ROTTERDAM, NETHERLANDS — Louis Dreyfus Company will cease grain export operations from Russia on July 1 at the start of the new trading season, the global agribusiness said April 3. The move comes after Cargill and Viterra said they also would drop export activities in Russia.
“Louis Dreyfus Company (LDC) will cease grain exports from Russia from July 1, 2023, as grain export challenges continue to increase in the country and is also assessing options for the transfer to new owners of its existing Russian business and grain assets,” the Rotterdam, Netherlands-based company said. “LDC will continue to run its operations in Russia until the process is complete, in compliance with all applicable laws and regulations.”
Most international grain traders have stopped new investment in Russia following the country’s invasion of Ukraine on Feb. 24, 2022, but continued shipping Russian wheat. Russia’s agriculture ministry said it had received notice from Louis Dreyfus Vostok (East) that it would cease handling Russian grain exports. It said the move would not affect the volume of Russian grain exports. Russia accounts for about 17% of the world’s wheat export market.
LDC employs about 650 people in Russia, where it focuses on wheat, barley and corn exports, alongside smaller scale sugar product distribution operations. On average, LDC exports 1.5 million to 3 million tonnes of grains annually from Russia. Products sourced from Russia and Ukraine made up 2% of LDC’s group sales last year, versus less than 4% the prior year, the company said when it presented its 2022 results on March 22.
LDC operates several offices and seven inland silos in Russia that total about 900,000 tonnes of storage and a grain export terminal on the Don River with access to the Sea of Azov that it acquired in 2015. The terminal was inaugurated in May 2017 and has an annual capacity of about 1 million tonnes with 50,000 tonnes of storage in 10 vertical silos.
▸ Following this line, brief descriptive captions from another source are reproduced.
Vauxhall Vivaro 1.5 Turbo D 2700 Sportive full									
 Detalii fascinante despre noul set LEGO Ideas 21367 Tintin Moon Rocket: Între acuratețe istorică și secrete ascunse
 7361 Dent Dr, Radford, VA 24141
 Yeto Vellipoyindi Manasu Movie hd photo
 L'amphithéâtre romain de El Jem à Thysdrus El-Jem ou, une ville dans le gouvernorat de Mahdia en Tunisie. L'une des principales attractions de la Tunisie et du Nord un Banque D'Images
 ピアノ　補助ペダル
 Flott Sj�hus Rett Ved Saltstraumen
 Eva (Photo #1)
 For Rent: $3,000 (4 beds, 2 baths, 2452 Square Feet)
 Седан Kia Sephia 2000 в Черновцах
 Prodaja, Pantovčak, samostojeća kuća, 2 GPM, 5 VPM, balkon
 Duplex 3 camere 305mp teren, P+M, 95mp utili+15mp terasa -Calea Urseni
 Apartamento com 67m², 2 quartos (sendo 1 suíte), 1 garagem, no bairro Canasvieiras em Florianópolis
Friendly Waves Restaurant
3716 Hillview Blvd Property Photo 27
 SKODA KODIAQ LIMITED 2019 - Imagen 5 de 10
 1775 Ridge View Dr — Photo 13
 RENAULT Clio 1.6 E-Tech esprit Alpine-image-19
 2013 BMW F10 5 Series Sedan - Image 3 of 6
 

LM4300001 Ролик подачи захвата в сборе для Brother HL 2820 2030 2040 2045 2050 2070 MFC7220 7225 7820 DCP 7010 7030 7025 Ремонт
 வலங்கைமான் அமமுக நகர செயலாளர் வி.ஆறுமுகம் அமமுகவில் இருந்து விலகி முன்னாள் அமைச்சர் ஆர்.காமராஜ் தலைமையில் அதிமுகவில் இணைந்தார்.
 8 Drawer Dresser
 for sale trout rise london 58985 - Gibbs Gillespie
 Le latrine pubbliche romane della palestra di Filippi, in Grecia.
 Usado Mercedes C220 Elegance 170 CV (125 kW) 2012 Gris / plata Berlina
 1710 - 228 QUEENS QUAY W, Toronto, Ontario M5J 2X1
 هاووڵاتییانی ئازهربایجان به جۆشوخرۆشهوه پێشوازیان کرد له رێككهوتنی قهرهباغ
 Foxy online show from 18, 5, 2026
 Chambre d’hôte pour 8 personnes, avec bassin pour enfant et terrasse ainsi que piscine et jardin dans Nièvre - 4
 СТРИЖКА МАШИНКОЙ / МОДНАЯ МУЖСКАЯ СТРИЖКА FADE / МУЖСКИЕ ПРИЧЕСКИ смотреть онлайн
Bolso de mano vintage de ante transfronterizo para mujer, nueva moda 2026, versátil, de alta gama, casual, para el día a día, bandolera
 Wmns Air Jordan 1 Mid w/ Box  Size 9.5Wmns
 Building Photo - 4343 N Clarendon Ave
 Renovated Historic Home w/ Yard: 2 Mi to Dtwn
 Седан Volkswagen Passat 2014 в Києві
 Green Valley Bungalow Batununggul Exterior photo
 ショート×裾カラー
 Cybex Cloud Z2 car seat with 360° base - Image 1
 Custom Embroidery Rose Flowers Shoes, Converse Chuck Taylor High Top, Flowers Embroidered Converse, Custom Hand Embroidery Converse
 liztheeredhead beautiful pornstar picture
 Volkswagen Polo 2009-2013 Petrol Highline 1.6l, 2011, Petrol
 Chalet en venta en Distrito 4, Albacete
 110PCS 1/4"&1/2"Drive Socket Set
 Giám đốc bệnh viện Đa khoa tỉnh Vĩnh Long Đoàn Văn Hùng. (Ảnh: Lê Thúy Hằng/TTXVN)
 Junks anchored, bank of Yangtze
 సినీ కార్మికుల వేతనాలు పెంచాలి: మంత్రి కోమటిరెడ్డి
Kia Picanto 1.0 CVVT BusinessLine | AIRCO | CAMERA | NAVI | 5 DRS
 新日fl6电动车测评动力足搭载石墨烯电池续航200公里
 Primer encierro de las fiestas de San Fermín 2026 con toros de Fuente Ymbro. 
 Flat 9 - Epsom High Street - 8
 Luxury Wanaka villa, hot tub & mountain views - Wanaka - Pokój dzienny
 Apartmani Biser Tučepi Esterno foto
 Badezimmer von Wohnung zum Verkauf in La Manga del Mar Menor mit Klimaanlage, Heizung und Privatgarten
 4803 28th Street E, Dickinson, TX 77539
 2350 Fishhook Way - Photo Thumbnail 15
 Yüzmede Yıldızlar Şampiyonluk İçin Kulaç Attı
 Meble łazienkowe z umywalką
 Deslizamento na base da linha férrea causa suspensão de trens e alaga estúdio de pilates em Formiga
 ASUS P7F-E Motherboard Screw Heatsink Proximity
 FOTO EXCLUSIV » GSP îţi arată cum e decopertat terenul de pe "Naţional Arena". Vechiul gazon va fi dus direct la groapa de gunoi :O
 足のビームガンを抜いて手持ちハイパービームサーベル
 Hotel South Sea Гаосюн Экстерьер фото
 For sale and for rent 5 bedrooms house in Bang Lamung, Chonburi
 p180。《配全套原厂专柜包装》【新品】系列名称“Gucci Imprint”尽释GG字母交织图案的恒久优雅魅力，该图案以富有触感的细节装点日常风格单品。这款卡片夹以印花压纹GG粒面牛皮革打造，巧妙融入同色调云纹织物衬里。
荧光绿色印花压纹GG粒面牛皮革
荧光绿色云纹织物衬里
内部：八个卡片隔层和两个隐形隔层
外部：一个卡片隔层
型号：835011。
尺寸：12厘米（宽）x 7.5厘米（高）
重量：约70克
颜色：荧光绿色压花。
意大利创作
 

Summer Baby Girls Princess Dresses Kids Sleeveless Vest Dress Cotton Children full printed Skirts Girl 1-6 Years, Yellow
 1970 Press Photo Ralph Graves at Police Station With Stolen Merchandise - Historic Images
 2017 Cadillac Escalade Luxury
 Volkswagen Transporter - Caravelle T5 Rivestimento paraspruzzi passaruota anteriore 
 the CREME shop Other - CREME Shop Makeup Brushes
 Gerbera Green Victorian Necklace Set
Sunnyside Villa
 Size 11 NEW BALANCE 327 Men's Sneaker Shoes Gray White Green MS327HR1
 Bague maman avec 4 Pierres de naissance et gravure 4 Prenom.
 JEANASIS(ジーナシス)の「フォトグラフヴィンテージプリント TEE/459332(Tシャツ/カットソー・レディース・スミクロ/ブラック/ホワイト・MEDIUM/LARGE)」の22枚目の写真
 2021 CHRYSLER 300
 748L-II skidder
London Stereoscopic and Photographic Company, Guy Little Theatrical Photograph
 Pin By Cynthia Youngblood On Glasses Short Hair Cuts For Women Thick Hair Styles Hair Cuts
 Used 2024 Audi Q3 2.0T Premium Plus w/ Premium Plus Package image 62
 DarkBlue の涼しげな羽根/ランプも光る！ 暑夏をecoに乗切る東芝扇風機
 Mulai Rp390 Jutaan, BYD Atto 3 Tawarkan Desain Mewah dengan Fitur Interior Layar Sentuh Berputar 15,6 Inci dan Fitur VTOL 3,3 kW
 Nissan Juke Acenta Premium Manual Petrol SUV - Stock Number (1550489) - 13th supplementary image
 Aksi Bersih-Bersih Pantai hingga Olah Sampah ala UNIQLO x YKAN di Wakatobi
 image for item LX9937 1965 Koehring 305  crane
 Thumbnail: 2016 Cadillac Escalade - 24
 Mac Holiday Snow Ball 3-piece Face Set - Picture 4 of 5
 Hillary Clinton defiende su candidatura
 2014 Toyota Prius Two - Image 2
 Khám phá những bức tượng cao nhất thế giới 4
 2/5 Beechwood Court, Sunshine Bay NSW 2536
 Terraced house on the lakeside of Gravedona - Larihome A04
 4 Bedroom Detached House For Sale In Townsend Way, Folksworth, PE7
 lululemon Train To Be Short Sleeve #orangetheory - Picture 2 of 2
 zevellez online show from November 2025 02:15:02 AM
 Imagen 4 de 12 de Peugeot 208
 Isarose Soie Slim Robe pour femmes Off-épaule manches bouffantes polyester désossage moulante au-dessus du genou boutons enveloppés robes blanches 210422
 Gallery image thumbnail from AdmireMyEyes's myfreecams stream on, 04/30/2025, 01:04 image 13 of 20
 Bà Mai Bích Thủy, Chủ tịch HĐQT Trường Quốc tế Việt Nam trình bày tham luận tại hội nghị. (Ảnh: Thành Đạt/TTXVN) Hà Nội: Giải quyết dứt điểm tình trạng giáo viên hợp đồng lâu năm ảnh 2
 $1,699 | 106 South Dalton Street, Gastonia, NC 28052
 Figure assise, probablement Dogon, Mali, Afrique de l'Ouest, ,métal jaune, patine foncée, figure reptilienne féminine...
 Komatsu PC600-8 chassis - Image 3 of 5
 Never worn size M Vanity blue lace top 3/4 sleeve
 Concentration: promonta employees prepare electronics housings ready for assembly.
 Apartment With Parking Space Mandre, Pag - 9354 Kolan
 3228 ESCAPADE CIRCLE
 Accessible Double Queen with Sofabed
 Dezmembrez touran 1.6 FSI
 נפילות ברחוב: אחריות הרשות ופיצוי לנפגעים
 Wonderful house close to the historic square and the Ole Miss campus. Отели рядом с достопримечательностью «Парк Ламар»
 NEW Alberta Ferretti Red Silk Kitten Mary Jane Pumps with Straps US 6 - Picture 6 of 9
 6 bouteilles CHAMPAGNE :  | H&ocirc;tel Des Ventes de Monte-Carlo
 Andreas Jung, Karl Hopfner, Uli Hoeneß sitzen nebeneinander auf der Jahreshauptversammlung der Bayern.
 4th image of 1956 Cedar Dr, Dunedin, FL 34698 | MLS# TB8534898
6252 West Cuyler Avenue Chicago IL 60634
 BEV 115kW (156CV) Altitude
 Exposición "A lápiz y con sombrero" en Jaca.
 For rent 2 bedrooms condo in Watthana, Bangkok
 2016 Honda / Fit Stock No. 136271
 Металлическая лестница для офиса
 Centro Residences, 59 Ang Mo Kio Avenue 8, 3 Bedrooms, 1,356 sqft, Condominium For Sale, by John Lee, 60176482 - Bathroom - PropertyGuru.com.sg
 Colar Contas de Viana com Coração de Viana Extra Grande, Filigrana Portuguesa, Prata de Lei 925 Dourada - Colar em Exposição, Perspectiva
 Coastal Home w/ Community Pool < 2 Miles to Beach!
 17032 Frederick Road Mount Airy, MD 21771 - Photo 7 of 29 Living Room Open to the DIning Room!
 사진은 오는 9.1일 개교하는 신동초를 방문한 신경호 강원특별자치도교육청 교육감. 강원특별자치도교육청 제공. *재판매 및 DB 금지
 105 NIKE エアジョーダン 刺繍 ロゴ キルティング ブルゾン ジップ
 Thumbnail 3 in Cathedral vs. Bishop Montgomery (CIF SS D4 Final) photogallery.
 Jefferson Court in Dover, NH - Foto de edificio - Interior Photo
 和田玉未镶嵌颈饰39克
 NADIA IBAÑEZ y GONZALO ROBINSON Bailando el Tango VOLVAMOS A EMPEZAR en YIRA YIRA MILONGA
LDC also operates a riverside elevator in Volgograd that allows grain exports along the Volga River and down to the Caspian Sea.
International grain trading firms Cargill and Viterra last week announced they would no longer handle Russian grain exports, although Cargill’s shipping unit has said it will continue to carry grain from the country’s ports and Viterra’s local management team aims to form a new trading firm.